Otro punto fuerte de la película de Favreau es el increíble despliegue visual que ensaya. Viendo a este Iron Man, reconstruido con pericia digitalmente en cada detalle, movimiento o brillo metálico, es inevitable pensar en el artificial y esponjoso Spiderman, que nunca acabó por ser un superhéroe corpóreo y creíble, del mismo mundo que el nuestro. Dudo de que vaya a encontrarme a Iron Man en alguna esquina de Floresta, pero al menos tengo la certeza de que su existencia en la pantalla es verosímil, y que, a pesar de que Favreau esté falseando la realidad, lo hace de manera creíble. Ese anclaje fuerte de Iron Man 2 en una suerte de algo que podríamos llamar, a falta de un nombre mejor, “realismo digital”, es lo que le confiere a las escenas de acción una potencia y una fuerza como nunca antes se habían visto en una película de superhéroes: el director apuesta a la velocidad y espectacularidad, y los combates de Iron Man, tanto como sus proezas solitarias (por ejemplo, el vuelo y aterrizaje en el escenario al principio de la película) devienen verdaderas hazañas cinematográficas en las que a veces es difícil saber qué está realmente delante de la cámara y qué no, gracias al cuidado puesto en el trabajo con los efectos digitales.
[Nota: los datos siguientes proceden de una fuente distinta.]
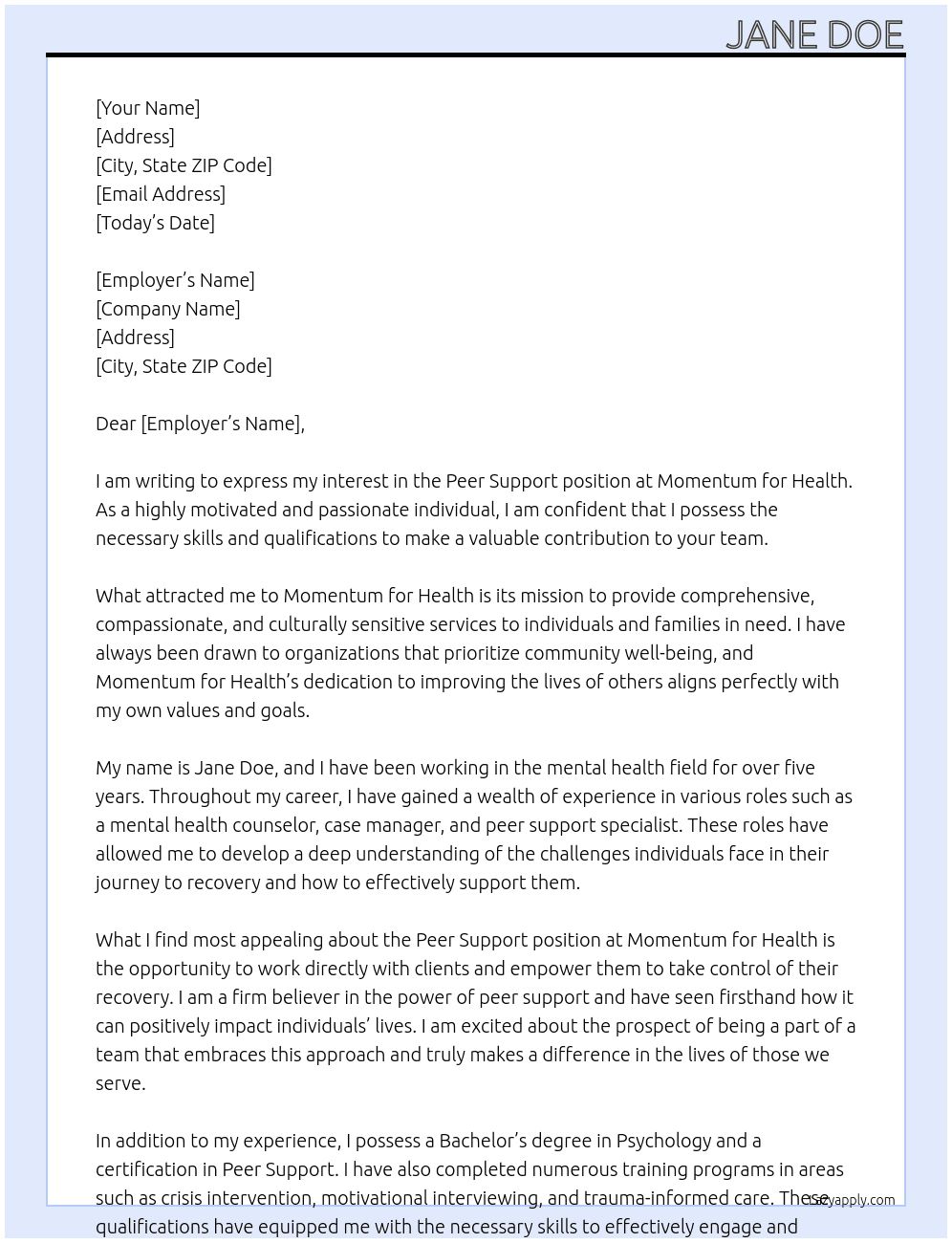 Peer Support  At Momentum for Health Cover Letter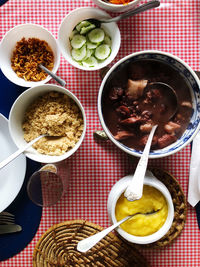 High angle view of food on table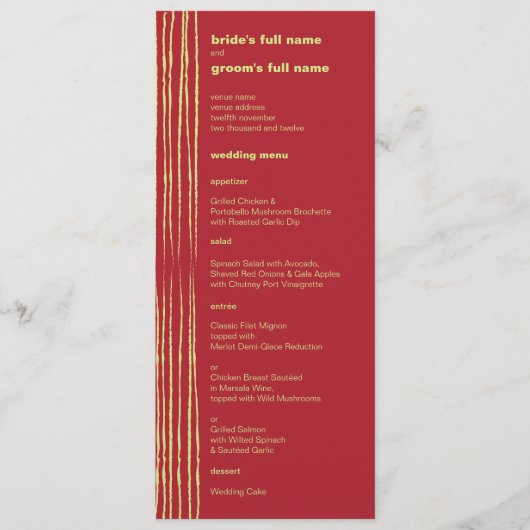 チリレモンウェディングメニュー メニュー (正面)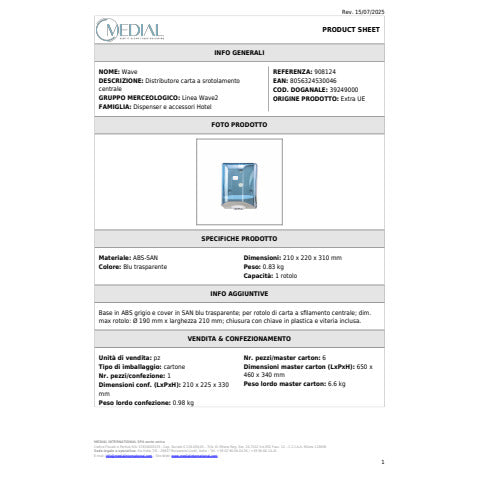 medial-distributore-carta-srotolamento-centrale-wave-blu-trasparente-220x210x310mm-908124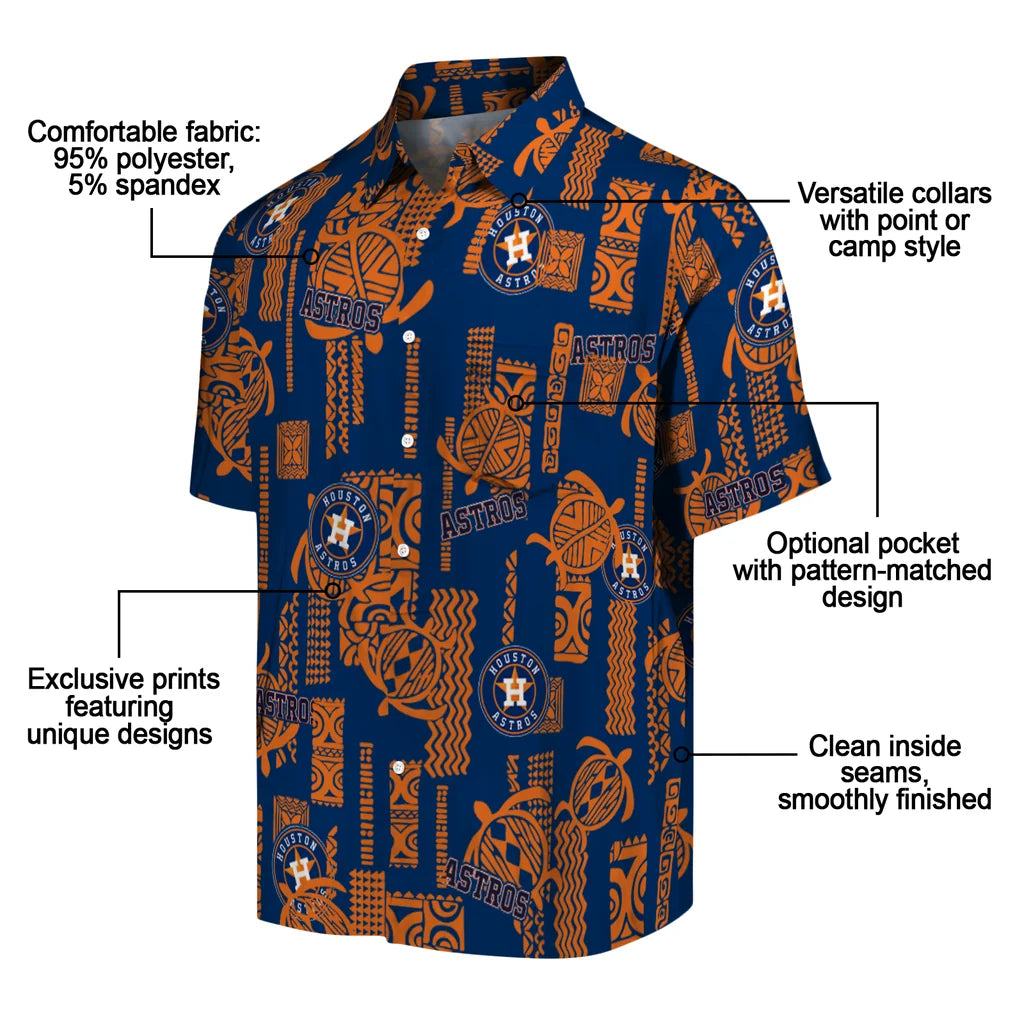 Houston Astros Hawaiian Shirt - Turtle Lines | Moonbestprint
Aunque la gran virtud de Iron Man (las dos) probablemente sea el tono ameno y de comedia que proponen ambas películas. Si algo hace que el género de superhéroes sea pobre es su falta de predisposición para el humor y para reírse de sí mismo: en su gran mayoría, estos relatos ofrecen varios pasajes cómicos que están desperdigados por el guión para balancear la gravedad general que las aqueja el resto del tiempo. Por eso, Iron Man quizás sea la primera comedia de superhéroes, la película que rompa algunas de las peores constantes del género (que todavía es joven pero ya parece cristalizado, clausurado, como si llevara décadas de existencia) y le inyecte nueva vida. Pagar una entrada para ver Iron Man 2 es ir a ver una película de superhéroes, pero también es asistir a la consolidación definitiva del que probablemente sea uno de los comediantes más importantes del momento, Robert Downey. Batman, el caballero de la noche, la primera gran película de superhéroes de la historia, no era una comedia sino un oscuro fresco político y social, un retrato amargo de una época en que los sistemas que sostuvieron a la sociedad durante décadas parecen estar llegando a su fin (así lo deja en claro el Joker, un loco suelto que pone en jaque a toda una ciudad y sus bases morales de un día para el otro). Iron Man es la apertura del género a la comedia, a un tono más ligero que sin embargo es capaz de elaborar un discurso crítico sobre la modernidad, donde nunca falta espacio para el humor, ya sea sutil y ajustado o grosero y hasta ordinario (de nuevo, ver la escena de la fiesta en la que Tony se emborracha con el traje de Iron Man puesto). El cine de superhéroes ya tiene a sus primeros grandes baluartes, tenebroso uno, humorístico el otro: solamente queda ver si esas películas son las iniciadoras de una verdadera madurez genérica, o solamente un par de films extraordinarios que lograron escapar de la lógica chata que es marca registrada del género.